* [TASK] Begin at the line holding "Miwako Nagaoka, ‘BOKUSHO" and set down exactly each line through the last one below, omitting pictures. Include nothing else.

(Dataset records)
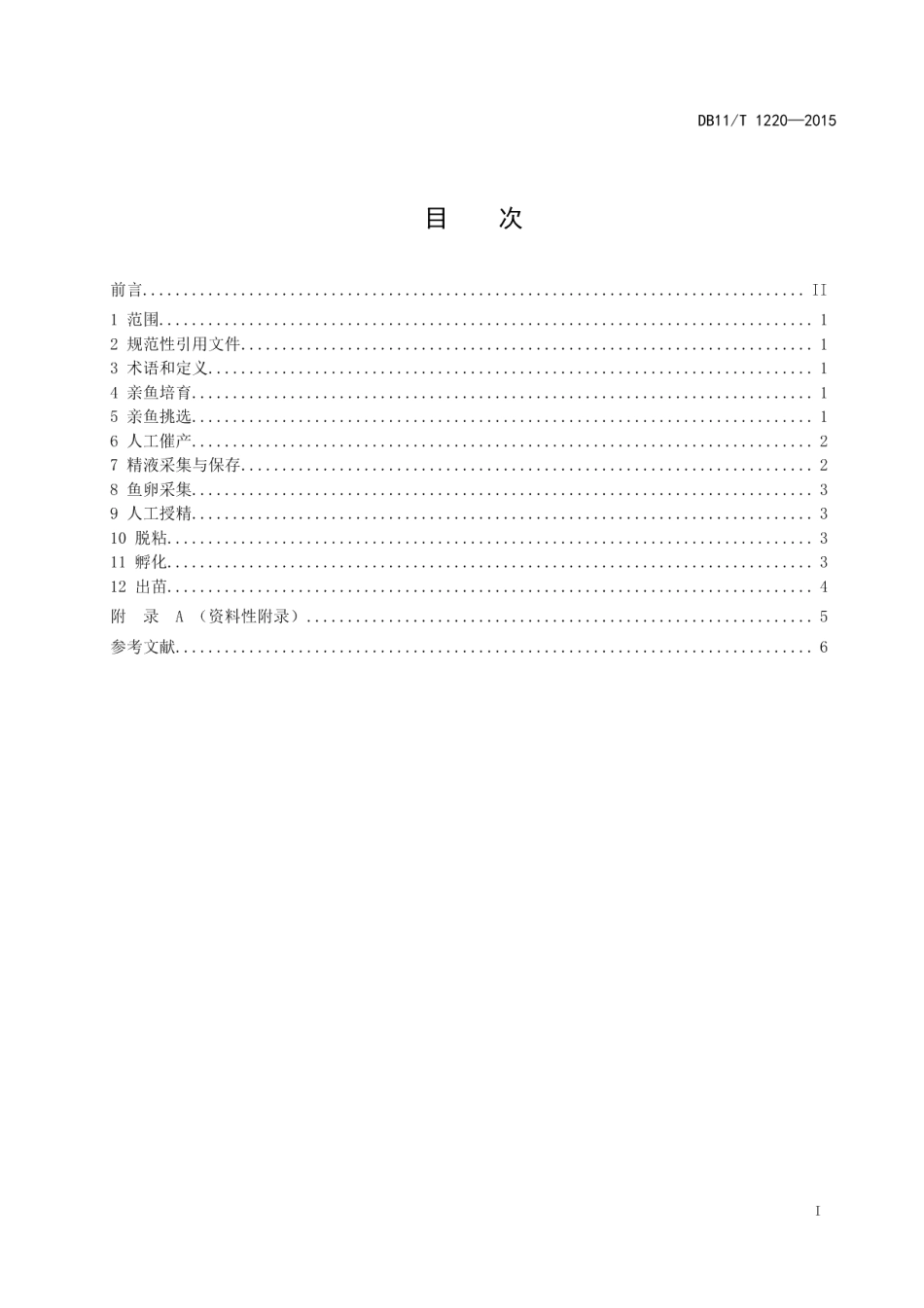 DB11T 1220-2015西伯利亚鲟全人工繁殖技术规范.pdf_第2页
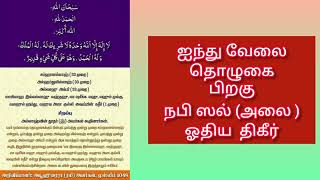 ஐந்து வேளை தொழுகை பிறகு  நபி ஸல் (அலை )  ஓதிய  திகீர் Tamil bayan duas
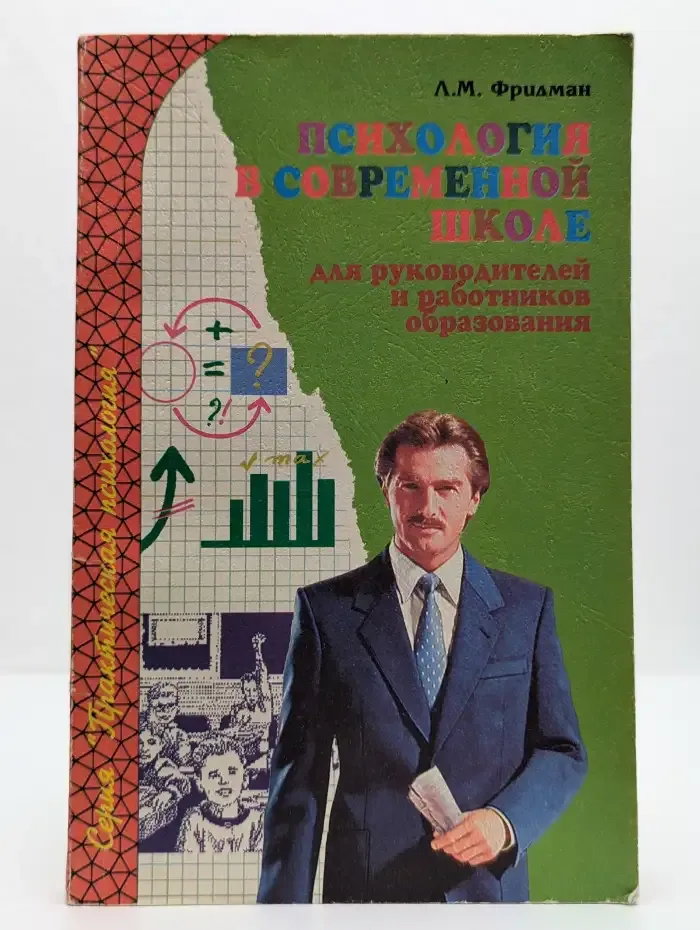 Психология в современной школе. Для руководителей и работников образования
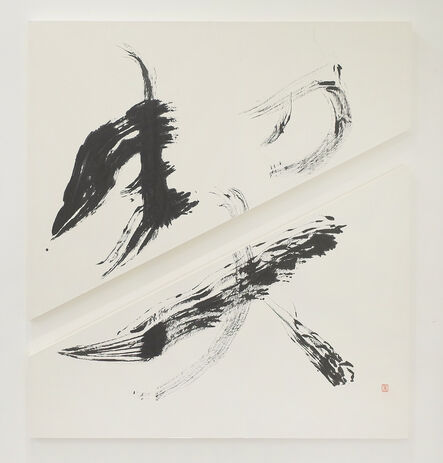 Miwako Nagaoka, ‘BOKUSHO "Fidelity"’, 2011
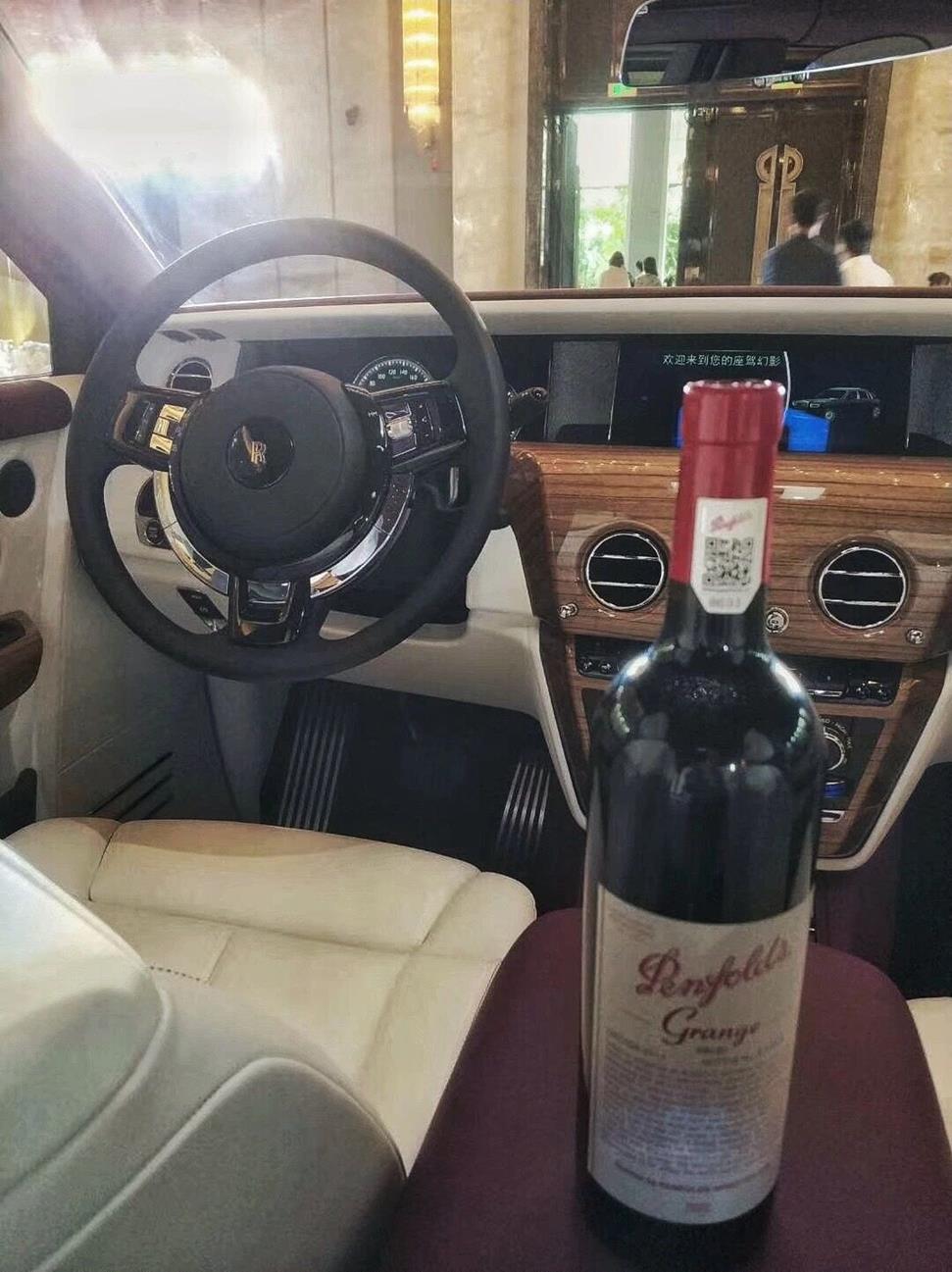 QQ圖片20190716153937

* [OUTPUT OF THE EXERCISE]
 Miwako Nagaoka, ‘BOKUSHO "Fidelity"’, 2011
 QQ圖片20190716153937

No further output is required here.